Open Laope94 opened 1 year ago

Laope94 commented 1 year ago

Hi,

when trying to run training in multiple gpus I am getting this:

Initializing distributed: GLOBAL_RANK: 0, MEMBER: 1/4 Initializing distributed: GLOBAL_RANK: 1, MEMBER: 2/4 INFO:torch.distributed.distributed_c10d:Added key: store_based_barrier_key:1 to store for rank: 1 INFO:torch.distributed.distributed_c10d:Waiting in store based barrier to initialize process group for rank: 1, key: store_based_barrier_key:1 (world_size=4, worker_count=1, timeout=0:30:00)

Last message then repeats forever and I need to cancel with ctrl+z

this is my run command:

python3 -m piper_train --dataset-dir /home/train_data/processed/ --quality 'medium' --accelerator 'gpu' --devices 2 --num_nodes 2 --validation-split 0.05 --num-test-examples 5 --max_steps 3000 --max_epochs 1 --enable_checkpointing False --batch-size 16

What can I do to resolve this?

synesthesiam commented 1 year ago

I've seen this before when the "world size" isn't correct. It will wait forever for nodes that aren't there. I believe I set the WORLD_SIZE environment variable to the number of GPUs I wanted to use.

Laope94 commented 1 year ago

Unfortunately same behaviour after export WORLD_SIZE=2. It's set though, I've checked with echo, but I am getting very same message.

versae commented 1 year ago

I can confirm this also happens when training on TPUs. For TPUv3-8, I can only use one TPU core. When using the 8 cores the training code hangs with:

TPU available: True, using: 8 TPU cores
IPU available: False, using: 0 IPUs
HPU available: False, using: 0 HPUs
DEBUG:piper_train:Checkpoints will be saved every 1 epoch(s)
DEBUG:vits.dataset:Loading dataset: /data/nst_tts/piper_test_female_50_6/dataset.jsonl
WARNING:root:Unsupported nprocs (8), ignoring...
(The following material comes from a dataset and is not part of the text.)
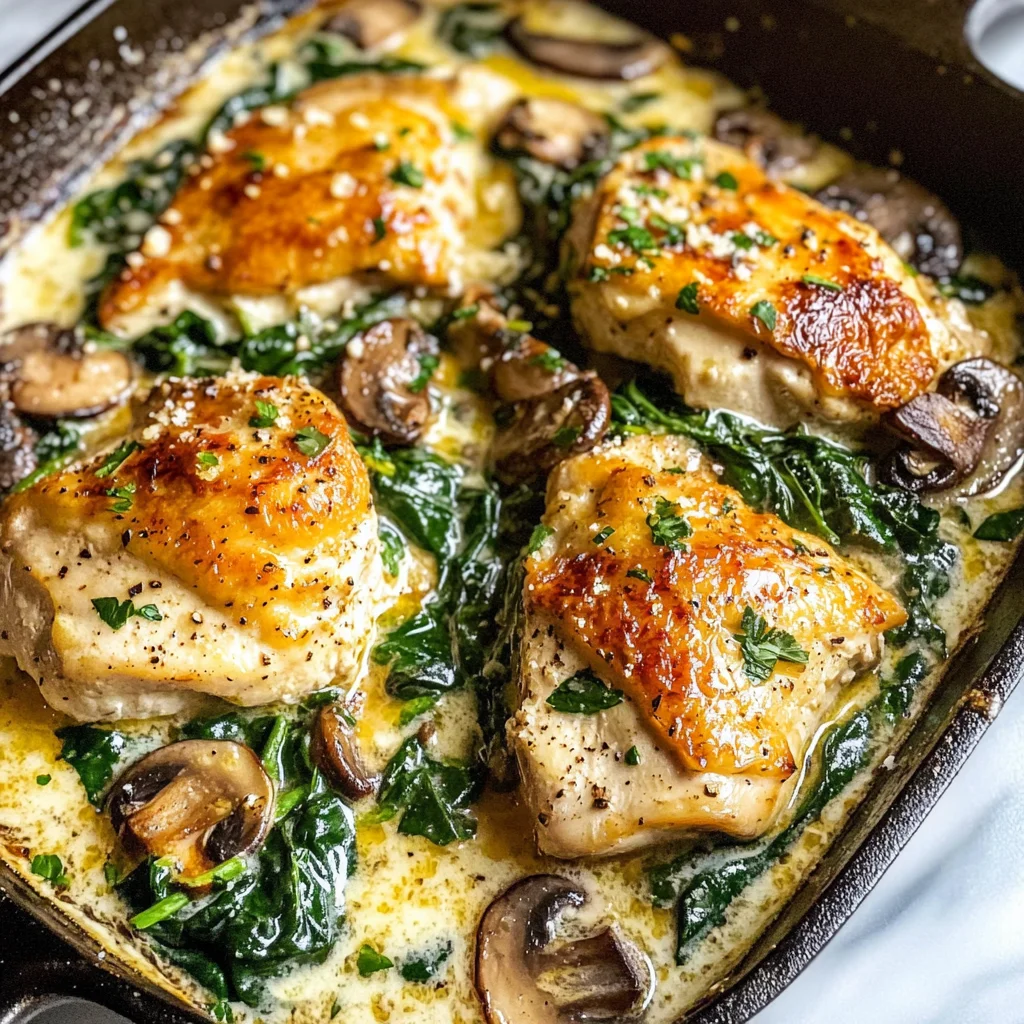 Chicken Spinach and Mushroom Low Carb Oven Dish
DogeLord081 commented 1 year ago

I can confirm this also happens when training on TPUs. For TPUv3-8, I can only use one TPU core. When using the 8 cores the training code hangs with:
TPU available: True, using: 8 TPU cores
IPU available: False, using: 0 IPUs
HPU available: False, using: 0 HPUs
DEBUG:piper_train:Checkpoints will be saved every 1 epoch(s)
DEBUG:vits.dataset:Loading dataset: /data/nst_tts/piper_test_female_50_6/dataset.jsonl
WARNING:root:Unsupported nprocs (8), ignoring...

How exactly did you train with TPU? I'm trying on colab but I'm having many issues

versae commented 1 year ago

Not sure about Colab TPUs, I used a GCP TPUv3-8, and I followed the PyTorch Lightning documentation. It was a nightmare to set up.

aaronnewsome commented 7 months ago

I was able to train on 2 GPU on a single node by adding --devices 2 --gpus='0,1' and --strategy=ddp. I let it run for a few hours and a few checkpoints were saved, both GPUs were being utilized, so I assumed it was working. However, I've been futzing with trying to get multi-node training working and not having any luck at all. I've tried fiddling with envars WORLD_SIZE, NODE_RANK, MASTER_ADDR, MASTER_PORT, etc. I've tried to see if I could figure it out by following along at

https://lightning.ai/docs/pytorch/stable/accelerators/gpu_intermediate.html

and still being able to get multi-node training working. I realize probably because I have no idea what I'm doing, but that isn't stopping me from trying.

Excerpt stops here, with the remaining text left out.